#### DATA SHOWN ####

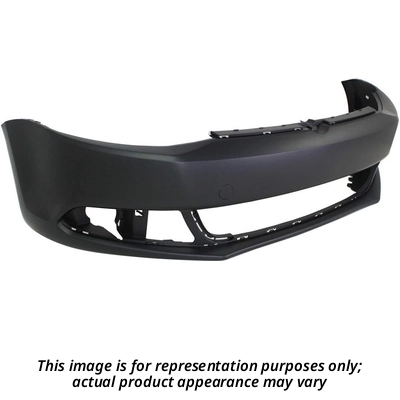 Front Bumper Cover by SHERMAN PARTS - 2913A-87Q-0 5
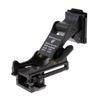 Easy Install Metal Goggles Holder Flip Up Down Adjustable Mount for PSV-14 Night Game Outdoor Sports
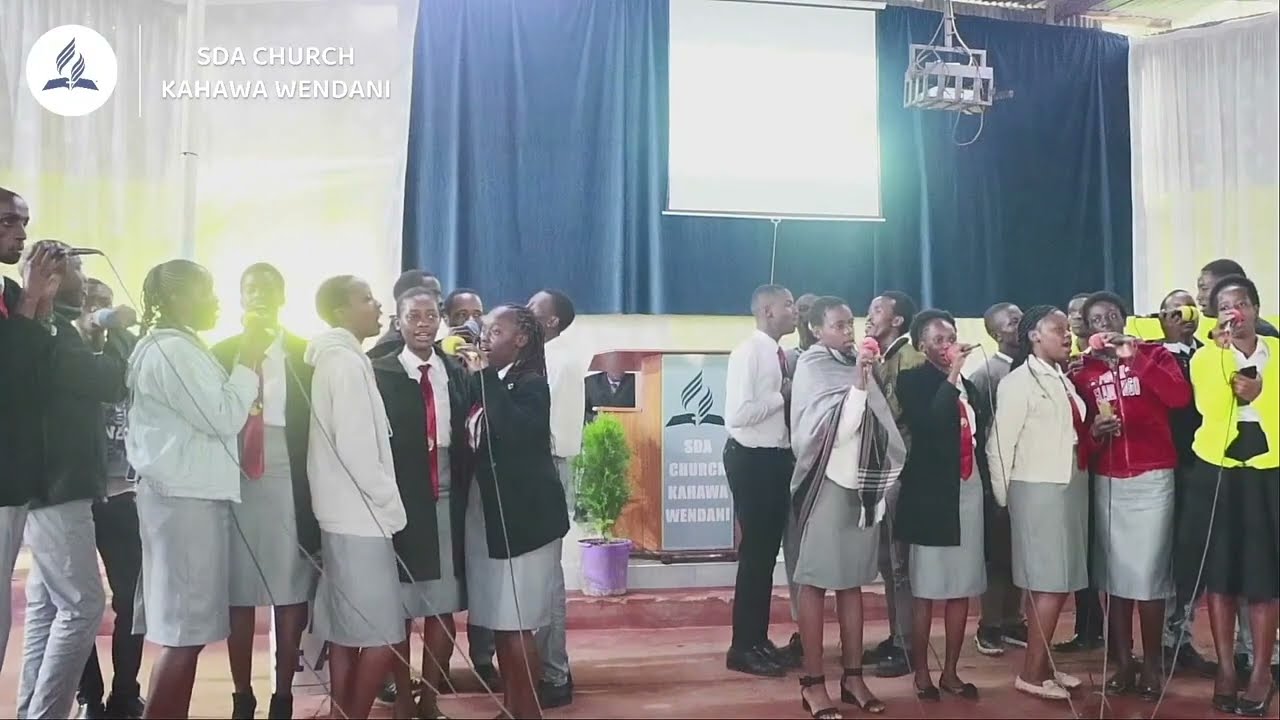 WENDANI SDA AMBASSADORS Buffet Performance (JAZA SESSION) 🔥.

####

TASK >> Set out the material once more, exact in every line, with no images.

ANSWER SECTION >>
 Front Bumper Cover by SHERMAN PARTS - 2913A-87Q-0 5
 Easy Install Metal Goggles Holder Flip Up Down Adjustable Mount for PSV-14 Night Game Outdoor Sports
 WENDANI SDA AMBASSADORS Buffet Performance (JAZA SESSION) 🔥.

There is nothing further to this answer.